Outlier Checking Mahalanobis Distance Biology Essay

Published: November 2, 2015 Words: 1428

This section is considered in the data for analysis and investigated the causes that might affect the finding. However, the data screening is also observing the data position for all the remaining data. The 398 data are input into SPSS version 20 and analyzed using AMOS version 18.0. The data screening included outlier detection, missing data, descriptive statistic, reliability, univariate normality, multicollinearity, linearity etc. Each part of data screening will be discussed in the next sections.

4.2.1 Outlier Checking (Mahalanobis Distance)

Statistical evidence has established outliers as any observations which are numerically distant if compared to the rest of the dataset (Bryne, 2010). In the line with this are several existing literatures that have been conducted on the different methods of detecting outliers within a given research, among which includes classifying data points based on an observed (Mahalanobis) distance from the research expected values (Hair et al., 2010; Hau & Marsh, 2004). Part of the constructive argument in favor of outlier treatments based on Mahalanobis distance is that it serves as an effective means of detecting outliers through the settings of some predetermined threshold that will assist in defining whether a point could be categorized as outlier or not (Gerrit et al., 2002).
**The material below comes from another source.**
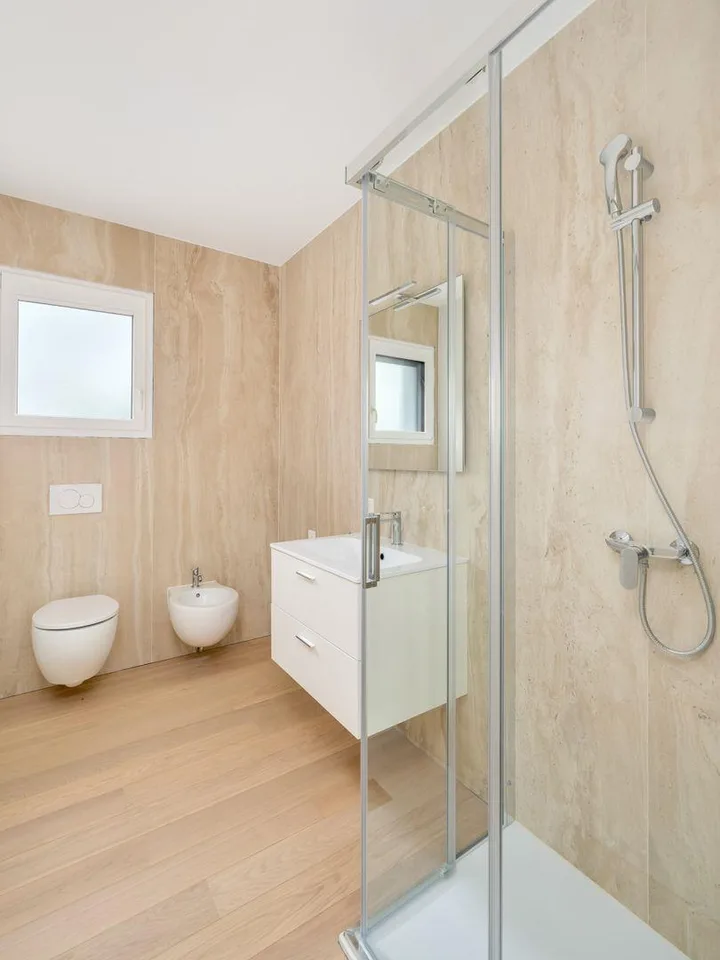 NEUE 2,5-ZIMMER-WOHNUNG | NEW 2.5-ROOM FLAT | NUOVO APPARTAMENTO DI... – foto 6 di 6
For this research, the table of chi-square statistics has been used as the threshold value to determine the empirical optimal values for the research. This decision is in line with the arguments of Hair et al. (2010) which emphasized on the need to create a new variable in the SPSS excel to be called “response” numbering from the beginning to the end of all variables. The Mahalanobis can simply be achieved by running a simple linear regression through the selection of the newly created response number as the dependent variable and selecting all measurement items apart from the demographic variables as independent variables. Doing this has assisted this study in creating a new output called Mah2 upon which a comparism was made between the chi-square as stipulated in the table and the newly Mahalanobis output.

It was under this Mah2 that this current study identified 6 items out of the total of 398 respondents as falling under outliers because their Mah2 is greater than the threshold value as indicated in the table of chi-square statistics that is related to the 21 measurement items in the independent variable of this study and was subsequently deleted from the dataset. Sequel to the treatment of these outliers, the final regressions in this study was done using the remaining 392 samples in the dataset.

Multivariate ateliers detections refer and are characterized as normal analysis from the observation within the context of data analysis. Multivariate outliers can be detected in SPSS by calculation of Mahalanobis Distance for each respondent. This method measures statistic that allows for significance testing.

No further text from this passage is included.